There, to the north-east, is the place--_Williamhope_ ridge--where Sir Walter Scott bade farewell to his heroic friend Mungo Park. They had come up from _Ashestiel_, where Scott then lived, and where _Marmion_ was written and its delightful epistles inspired--where he passed the happiest part of his life--leaving it, as Hogg said, "for gude an' a'"; for his fatal "dreams about his cottage" were now begun. He was to have "a hundred acres, two spare bed-rooms, with dressing rooms, each of which will on a pinch have a couch-bed." We all know what the dream, and the cottage, and the hundred acres came to--the ugly Abbotsford; the over-burdened, shattered brain driven wild, and the end, death, and madness. Well, it was on the ridge that the two friends--each romantic, but in such different ways--parted never to meet again. There is the ditch Park's horse stumbled over and all but fell. "I am afraid, Mungo, that's a bad omen," said the Sheriff; to which he answered, with a bright smile on his handsome, fearless face--"_Freits_ (omens) follow those who look to them." With this expression, he struck the spurs into his horse, and Scott never saw him again. He had not long been married to a lovely and much-loved woman, and had been speaking to Scott about his new African scheme, and how he meant to tell his family he had some business in Edinburgh--send them his blessing, and be off--alas! never to return! Scott used to say, when speaking of this parting, "I stood and looked back, but he did not." A more memorable place for two such men to part in would not easily be found.

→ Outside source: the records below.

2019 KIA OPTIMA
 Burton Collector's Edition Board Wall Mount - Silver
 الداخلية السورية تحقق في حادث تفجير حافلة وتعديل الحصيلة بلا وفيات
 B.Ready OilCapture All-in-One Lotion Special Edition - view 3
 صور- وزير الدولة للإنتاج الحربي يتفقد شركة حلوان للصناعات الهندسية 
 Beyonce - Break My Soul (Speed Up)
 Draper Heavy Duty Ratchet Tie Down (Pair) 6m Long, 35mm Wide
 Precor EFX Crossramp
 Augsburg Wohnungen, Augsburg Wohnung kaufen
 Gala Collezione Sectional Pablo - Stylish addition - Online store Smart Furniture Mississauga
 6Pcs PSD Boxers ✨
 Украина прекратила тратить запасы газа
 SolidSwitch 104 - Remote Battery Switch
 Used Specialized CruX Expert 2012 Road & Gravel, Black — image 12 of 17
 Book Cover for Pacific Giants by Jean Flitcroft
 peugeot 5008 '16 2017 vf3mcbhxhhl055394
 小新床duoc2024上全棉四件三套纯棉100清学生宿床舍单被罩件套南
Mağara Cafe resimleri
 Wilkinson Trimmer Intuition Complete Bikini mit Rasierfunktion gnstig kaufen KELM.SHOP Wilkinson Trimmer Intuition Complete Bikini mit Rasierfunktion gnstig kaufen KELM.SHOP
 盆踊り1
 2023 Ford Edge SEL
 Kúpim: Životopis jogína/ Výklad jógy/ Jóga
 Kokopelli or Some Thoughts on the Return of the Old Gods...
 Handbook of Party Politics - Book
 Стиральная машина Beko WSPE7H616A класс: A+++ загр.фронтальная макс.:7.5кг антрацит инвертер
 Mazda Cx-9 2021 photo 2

Where we are standing is the spot Scott speaks of when writing to Joanna Baillie about her new tragedies--"Were it possible for me to hasten the treat I expect in such a composition with you, I would promise to read the volume _at the silence of noonday upon the top of Minchmoor_. The hour is allowed, by those skilful in demonology, _to be as full of witching_ as midnight itself; and I assure you I have felt really oppressed with a sort of fearful loneliness when looking around the naked towering ridges of desolate barrenness, which is all the eye takes in from the top of such a mountain, the patches of cultivation being hidden in the little glens, or only appearing to make one feel how feeble and ineffectual man has been to contend with the genius of the soil. It is in such a scene that the unknown and gifted author of _Albania_ places the superstition which consists in hearing the noise of a chase, the baying of the hounds, the throttling sobs of the deer, the wild hollos of the huntsmen, and the 'hoof thick beating on the hollow hill.' I have often repeated his verses with some sensations of awe, in this place." The lines--and they are noble, and must have sounded wonderful with his voice and look--are as follows. Can no one tell us anything more of their author?--

"There oft is heard, at midnight, or at noon, Beginning faint, but rising still more loud, And nearer, voice of hunters, and of hounds; And horns, hoarse-winded, blowing far and keen! Forthwith the hubbub multiplies; the gale Labours with wilder shrieks, and rifer din Of hot pursuit; the broken cry of deer Mangled by throttling dogs; the shouts of men, And hoofs thick beating on the hollow hill. Sudden the grazing heifer in the vale Starts at the noise, and both the herdman's ears Tingle with inward dread--aghast he eyes The mountain's height, and all the ridges round, Yet not one trace of living wight discerns, Nor knows, o'erawed and trembling as he stands, To what or whom he owes his idle fear-- To ghost, to witch, to fairy, or to fiend; But wonders, and no end of wondering finds."

We listened for the hunt, but could only hear the wind sobbing from the blind "_Hopes_."[3]